One evangelical who applauds the Vatican's announcement is J.I. Packer, professor of theology at Regent College. Although he does not agree that the Catholic Church is uniquely privileged among the denominations, he says the declaration gives an appropriate rap on the knuckles to those Anglicans who have constantly compromised in their dialogues with Catholics.

"I am glad that Rome has come out in black and white to remind the world that, from the Catholic standpoint, all our Protestant churches lack things which by Catholic standards are essential," he says. "I am glad, frankly, that the air is being cleared by that forthright statement."

For the past six years ago, Packer has been one of the major participants in Evangelicals and Catholics Together, a movement that emphasizes points where evangelicals and Catholics share the same basic doctrine and are rooted in the historical faith.

Packer says this movement will not be affected at all by the Vatican's declaration. "We have insisted right from the start that what we are doing is based on conviction, not compromise," he says.

Absolute truth

Paradoxically, churches that adopt such firm stances may do more for Church unity than those which downplay their convictions. BC Catholic editor Paul Schratz wrote in a recent editorial that some liberal denominations, in pursuing unity at any cost, have strayed from core Christian beliefs, and may be more divisive in the long run.

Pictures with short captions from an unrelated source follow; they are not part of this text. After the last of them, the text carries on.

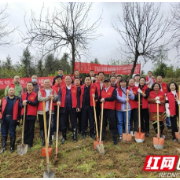 湘西州、吉首市住建局（人防办）开展“绿化高铁沿线，建设生态湘西”义务植树活动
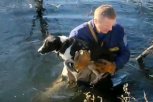 В Благовещенске спасатели помогли собаке выбраться из воды (видео)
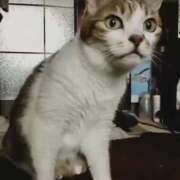 ヒメ日記 2025/09/12 10:06 投稿 ほのか 大宮おかあさん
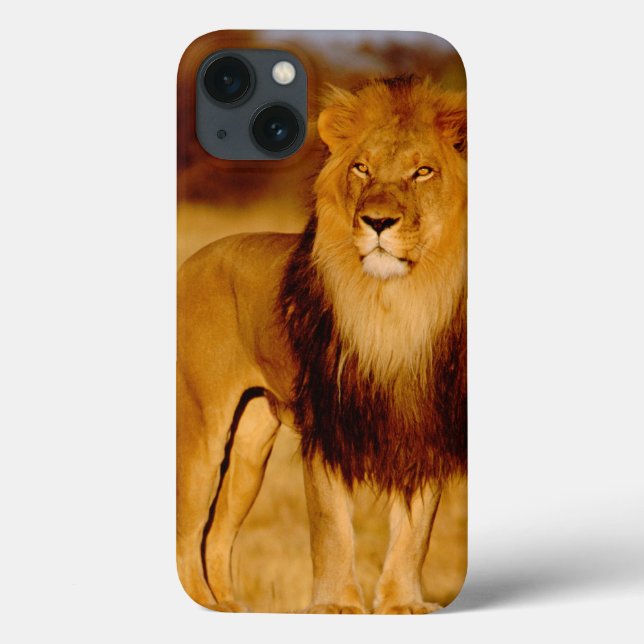 Coques Case-Mate iPhone Afrique, Namibie, Okonjima. Lone (Verso)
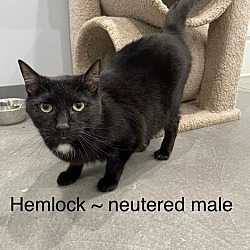 Photo of Hemlock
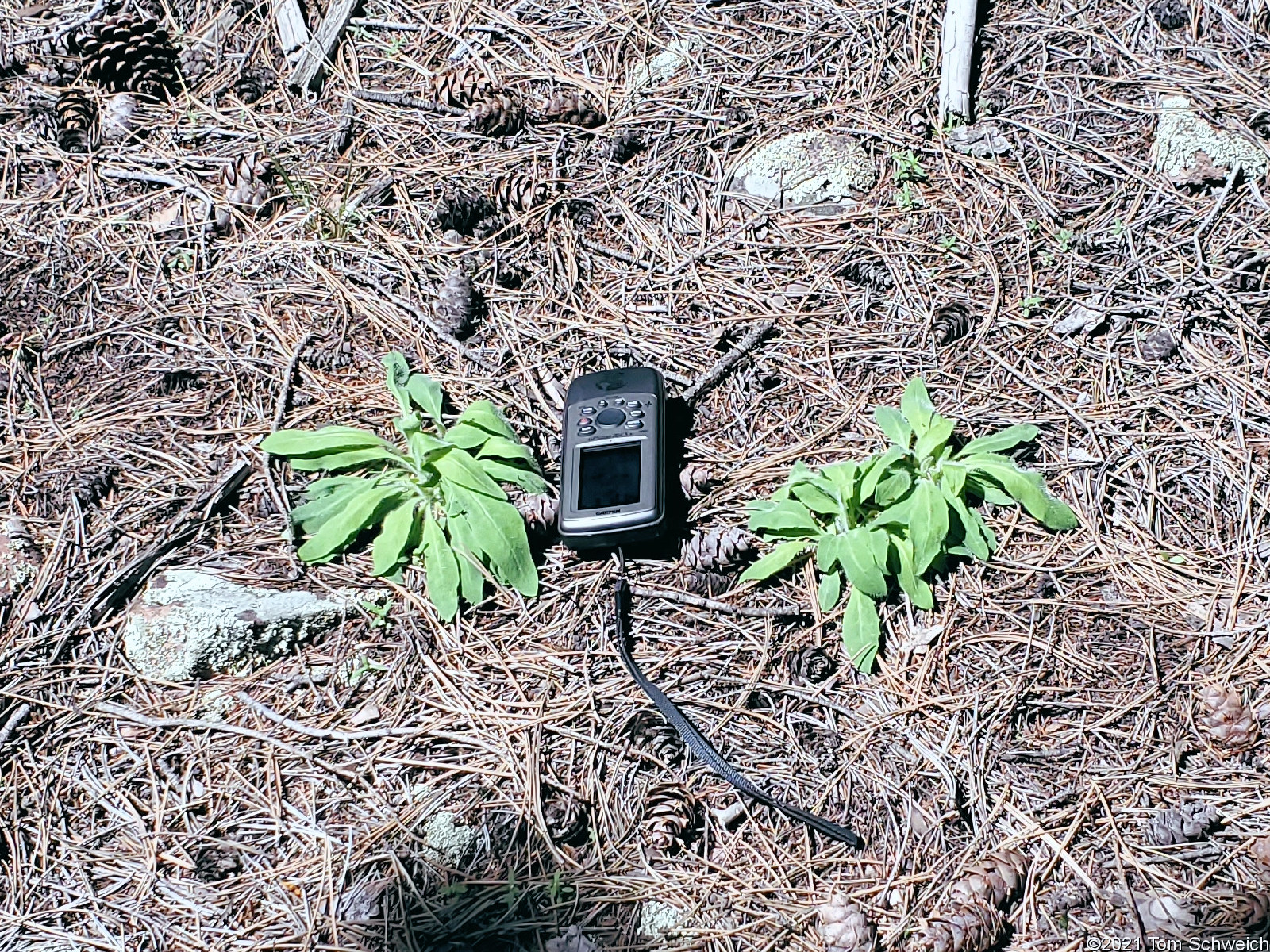 Asteraceae Hieracium albiflorum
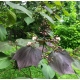 CATALPA KATALPA PURPUROWA na pniu kulista szczepiona - sadzonki 110 / 130 cm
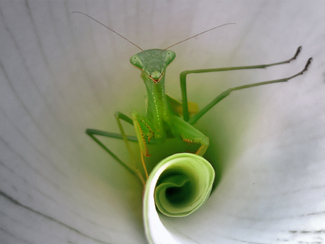 Color Awards Winners and Nominees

Indeed, Catholics on the ground are working hand-in-hand with Christians of all stripes to affirm common essential beliefs. Catholics have been taking part in the Alpha program, a course on the basics of Christianity, for some time; and the Catholic Church sponsored the North American Catholic Alpha Conference in Burnaby this past summer.

Sally Start, national coordinator for the Alpha program in Canada, says the 1,400 delegates who attended the event were about evenly divided between Catholics and other Christians. It was truly ecumenical; it was wonderful, she says, adding that there should be about 25 to 30 Alpha courses in Catholic parishes by January of next year.

"I don't see that announcement from Rome having any impact locally, in terms of what the Lord seems to be doing at the grassroots level," she says. "One of the beauties of the Alpha course is that its very basic Christianity. It teaches the tenets of Christianity on which we are undivided."

Exner agrees. "One approach to ecumenism that I think is very helpful," he says, "is to go back to the fathers of the Church in the early centuries. That's the nucleus. That's the seedbed of the Christian Church for every denomination. Look for what was essential to the Church as it developed in those early centuries. I think there we can find some common ground."

That was the Church as it was before the divisions occurred.

This article by Peter Chattaway is from the October, 2000, edition of BC Christian News.